--- DATA UNDER STUDY ---

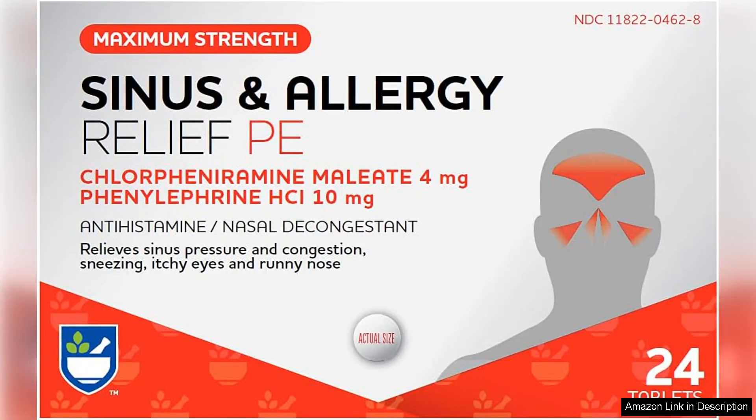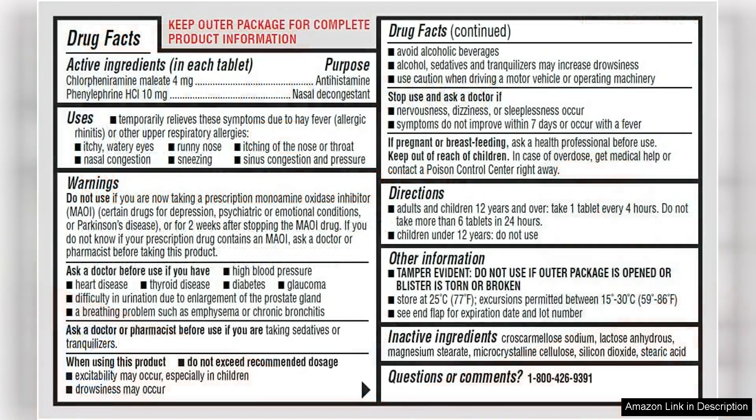I recently tried the Rite Aid Sinus Allergy Relief PE tablets, maximum strength, and I must say they exceeded my expectations. As someone who suffers from seasonal allergies, I was looking for a reliable solution to alleviate my symptoms, and these tablets delivered.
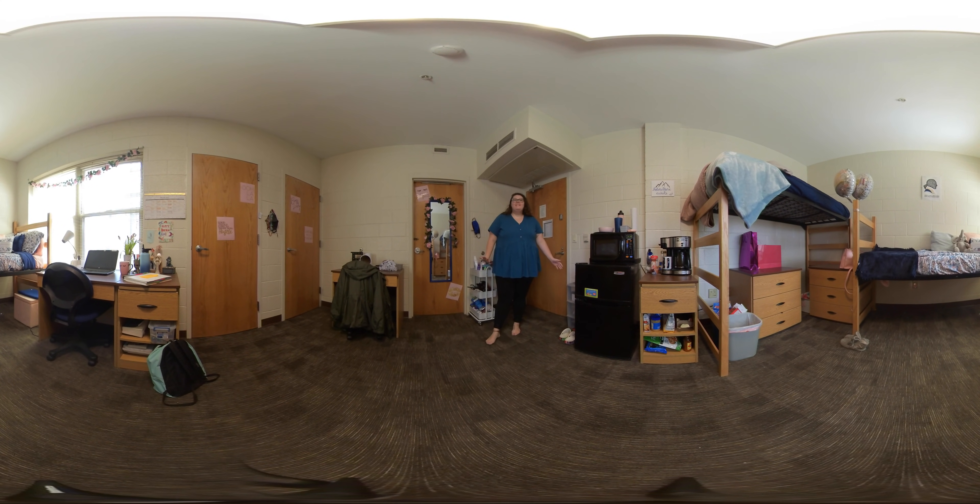Hi, my name is Em Ashworth. I am originally from Raleigh, North Carolina, majoring in English with a teaching licensure, and this is a glimpse into what my room looks like.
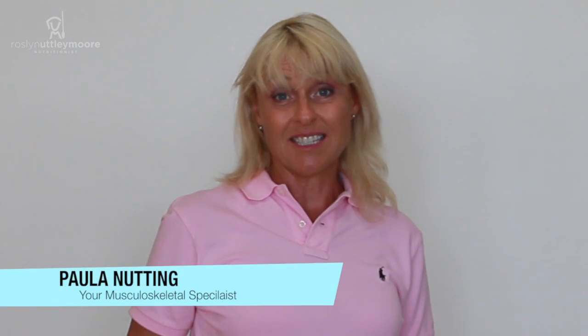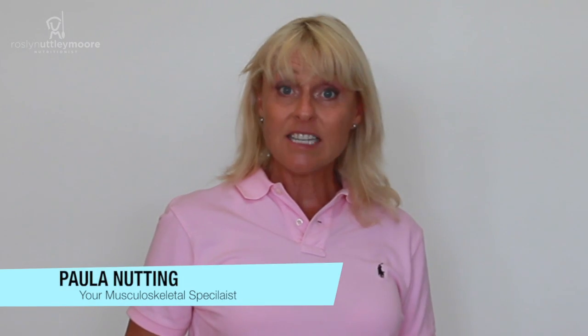I'm Paula Nutting, your musculoskeletal specialist, and today's video is concentrating more on the upper body. In previous videos we've looked at the core and the core stability, our thoracics and how they support us, and we're going to travel right up the line to look at how strong the neck sits on the shoulders and allows the head to sit on the neck.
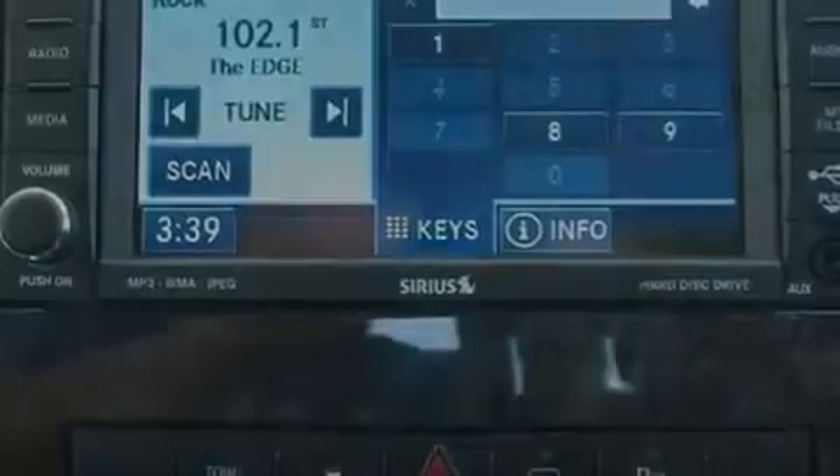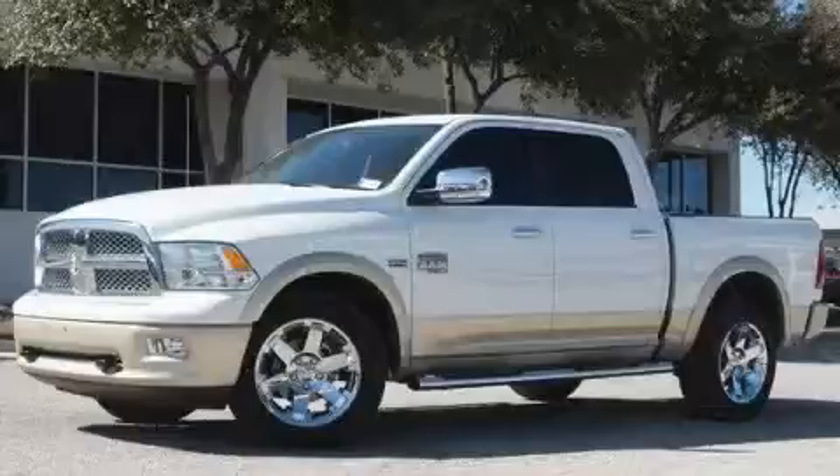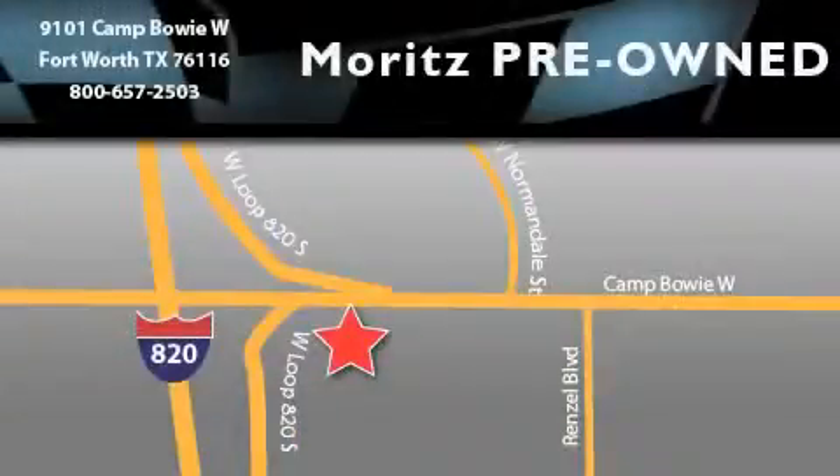We hope you found this video informative. Please contact us today. Moritz Chevrolet Chrysler Jeep Dodge is located at 9101 Camp Bowie in Fort Worth. Our goal is to exceed all of your expectations to ensure that you'll return for future visits.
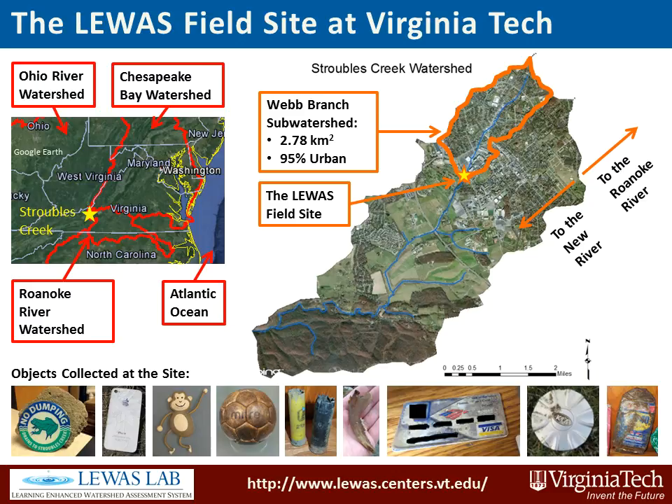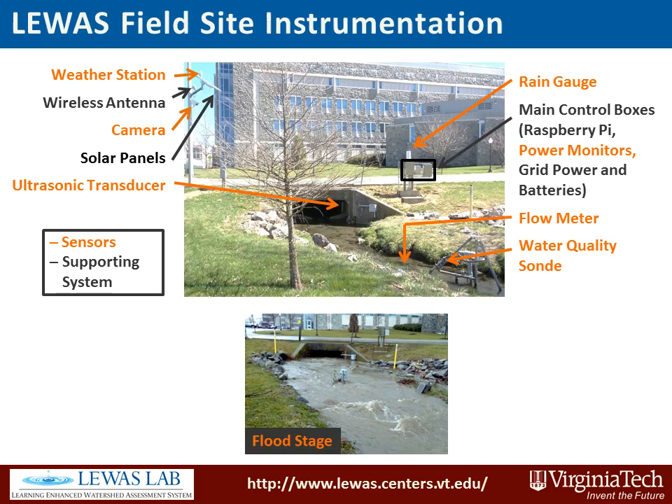The Learning Enhanced Watershed Assessment System is located on Virginia Tech campus. The LEWAS field site has a number of instruments including a water quality sonde, flow meter, ultrasonic transducer, rain gauge, and weather station that continuously collect data in intervals of 1–3 minutes.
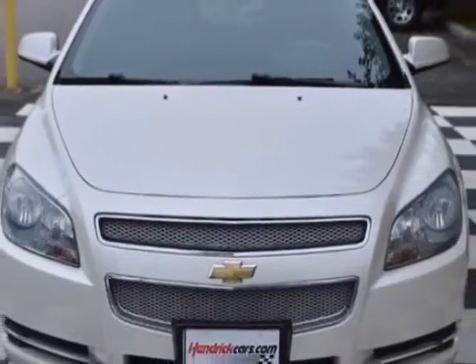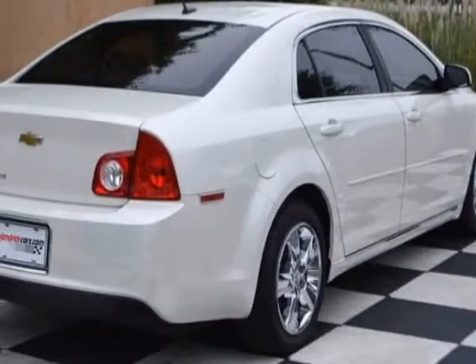This Malibu boasts an engine and has a 6-speed automatic transmission.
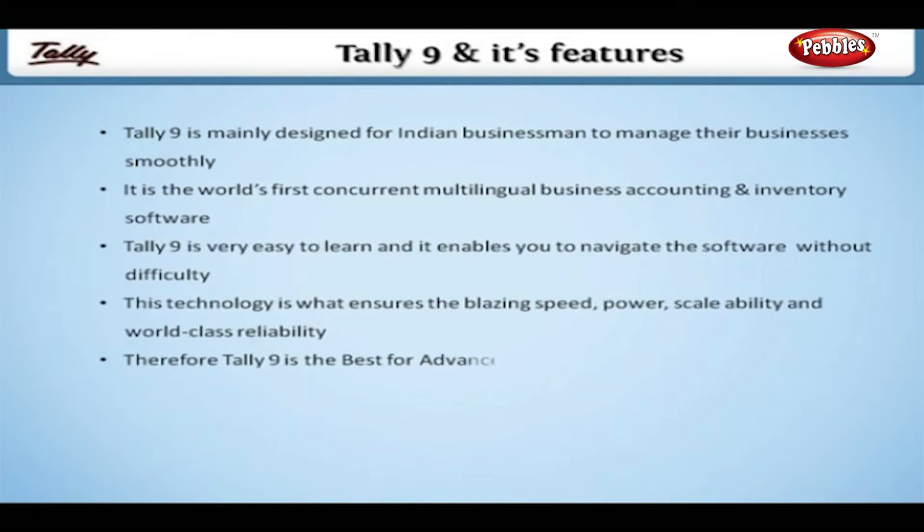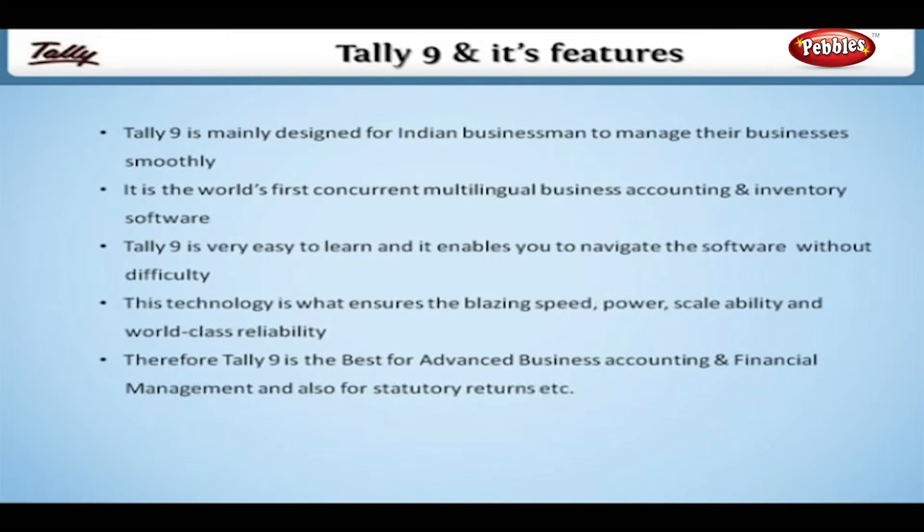Therefore, Tally 9 is the best for advanced business accounting and financial management and also for statutory returns.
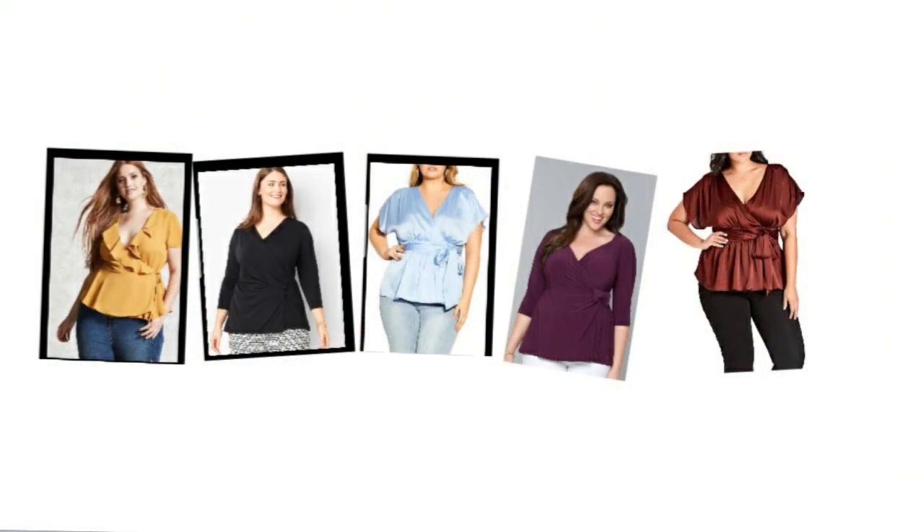Tip number two: wear a faux or surplus wrap-style top. It's no surprise that wraps are so flattering to all body types. They help you pull in the smallest part of your waist and the flowing parts help conceal your belly. If you're a new mom and you've got a little extra there, wrap tops are perfect. You want to go for a top that cinches in at the waist and flares out, hiding your tummy.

---

[TASK TO CARRY OUT]
The entries are to be printed exactly as written; the pictures are to be left out.

[RESPONSE BOX]
I recently tried the Rite Aid Sinus Allergy Relief PE tablets, maximum strength, and I must say they exceeded my expectations. As someone who suffers from seasonal allergies, I was looking for a reliable solution to alleviate my symptoms, and these tablets delivered.
Hi, my name is Em Ashworth. I am originally from Raleigh, North Carolina, majoring in English with a teaching licensure, and this is a glimpse into what my room looks like.
I'm Paula Nutting, your musculoskeletal specialist, and today's video is concentrating more on the upper body. In previous videos we've looked at the core and the core stability, our thoracics and how they support us, and we're going to travel right up the line to look at how strong the neck sits on the shoulders and allows the head to sit on the neck.
We hope you found this video informative. Please contact us today. Moritz Chevrolet Chrysler Jeep Dodge is located at 9101 Camp Bowie in Fort Worth. Our goal is to exceed all of your expectations to ensure that you'll return for future visits.
The Learning Enhanced Watershed Assessment System is located on Virginia Tech campus. The LEWAS field site has a number of instruments including a water quality sonde, flow meter, ultrasonic transducer, rain gauge, and weather station that continuously collect data in intervals of 1–3 minutes.
This Malibu boasts an engine and has a 6-speed automatic transmission.
Therefore, Tally 9 is the best for advanced business accounting and financial management and also for statutory returns.
Tip number two: wear a faux or surplus wrap-style top. It's no surprise that wraps are so flattering to all body types. They help you pull in the smallest part of your waist and the flowing parts help conceal your belly. If you're a new mom and you've got a little extra there, wrap tops are perfect. You want to go for a top that cinches in at the waist and flares out, hiding your tummy.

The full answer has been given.